PV = annual rents x annuity due PV factor
Guaranteed residual value is, in effect, an additional lease payment and must be included in the calculation of the PV of the minimum lease payments. (true or false)
True
Capital leases are valued at PV rather than FV
The lesser of the lessee’s incremental borrowing rate or the lessor’s implicit rate (if known) should be used. (true or false)
True
True or False: In a sales-type (finance) lease, any difference between the FV of the leased asset and its carrying value is recognized as manufacturer’s or dealer’s profit.
True
If they give you PV of the lease payments at an imputed interest rate, use that figure and subtract the carrying cost on the lessors books.
Unearned interest revenue in a sales-type lease is amortized over the period of the lease using the _______ method
Interest
When a lease is capitalized because of transfer of title or bargain purchase, depreciation is based on (the life of the asset or the lease)?
The life of the asset, not the lease. The cost includes the bargain purchase price.
Depreciation cannot be taken below the salvage value.
For the lessee, the lease must meet just one of the four conditions to capitalize.
Ownership transfers at the end of the lease.
Written option for bargain purchase
Ninety Percent rule: The PV of the lease payments is > 90% of the FV of the leased property.
Seventy Five Percent Rule: The Lease term is > 75% of the assets economic life.
OWNS
True or False: The lessee records the lease as an asset and a liability at the lower (lesser) of the FMV of the asset at the inception of the lease, or cost (PV of the minimum lease payments).
True
Lease should be depreciated (amortized) over the lease term if the lessee does not take ownership of the asset by the end of the lease or if there is not a bargain purchase option.

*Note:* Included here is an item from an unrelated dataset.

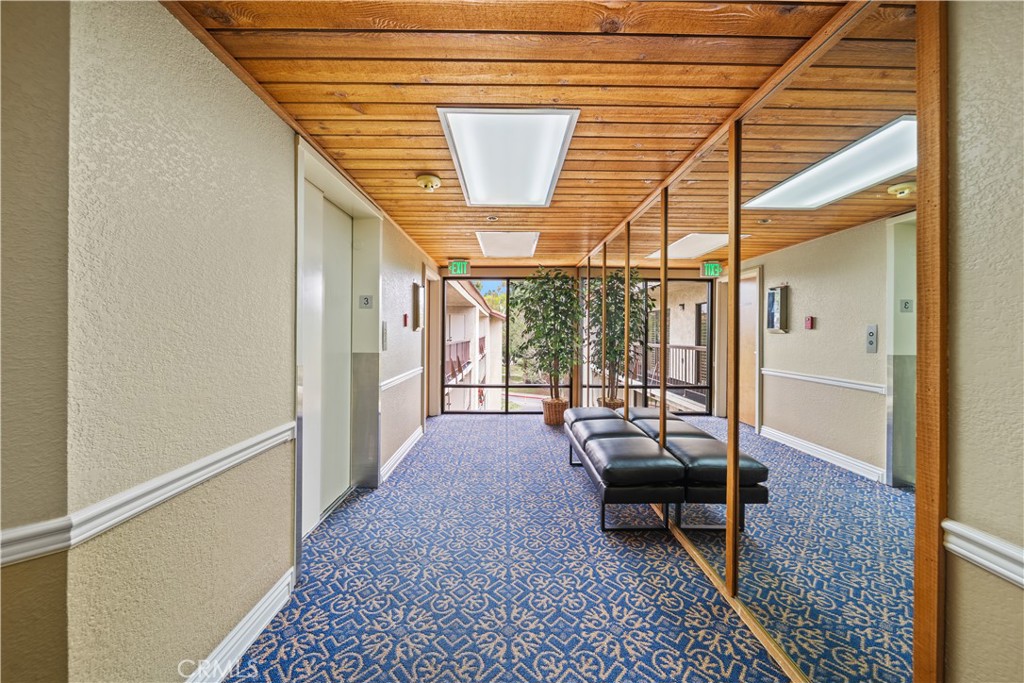 13601 Del Monte Drive, Unit 75 Seal Beach, CA 90740 - Photo 2 of 28 a living room with furniture and a window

True or False: If the PV of the minimum lease payments amounts to 88% of the FV of the asset, the lease would be classified as an operating lease under US GAAP and would most likely be classified as a finance lease under IFRS. Under IFRS, a lease is classified as a finance lease if the PV of the minimum lease payments amounts to at least substantially all of the FV of the leased asset. An argument could be made that 88% is “at least substantially all of the FV of the asset”
True
Under IFRS, initial direct costs must be (added or subtracted) to the finance lease asset at lease inception?
Added
Th lease would be recorded using the following JE:
DR: Finance Lease Asset
CR: Finance Lease Obligation
CR: Cash (initial direct cost)
The finance lease would then be amortized over the lease term/useful life.
If the question asks for the asset balance, it is important to remember that the only transaction that reduces the asset value is depreciation.
The lessee will capitalize the lease (due to the transfer of title) and will incur both depreciation and interest expense. The lessor will earn and book interest income when the payments from the lessee are received. (true or false)
True
The lessor will remove the asset from its book at the inception of the lease and will not depreciate the asset.
Lessors recording a lease receivable for a direct-financing lease should include the minimum lease payments PLUS any residual value. (true or false)
True, the reason for this is because the lessor can also expect to collect this residual value from the lessee at the culmination of the lease.
Executory costs, like insurance, taxes, and maintenance, are always recorded separately and do not affect the computation of the minimum lease payments nor the lease receivable.
If a lease includes a bargain purchase option, it would be depreciated over what?
Its useful life of the equipment instead of the lease term.
If a question gives you the FV of the equipment going to be leased as well as the PV of the lease payments and the PV of the purchase option, would you take the lesser of the FV of the equipment to the PV of the lease payments only?
No, You would add the PV of both the lease payments and the purchase option and take the lesser of that or the FV of the equipment.
True or False: For a capital (finance) lease, the minimum lease payment is allocated between principal and interest rate inherent in the lease. The portion allocated to principal reduces the remaining capital lease liability. The process is similar to a home mortgage.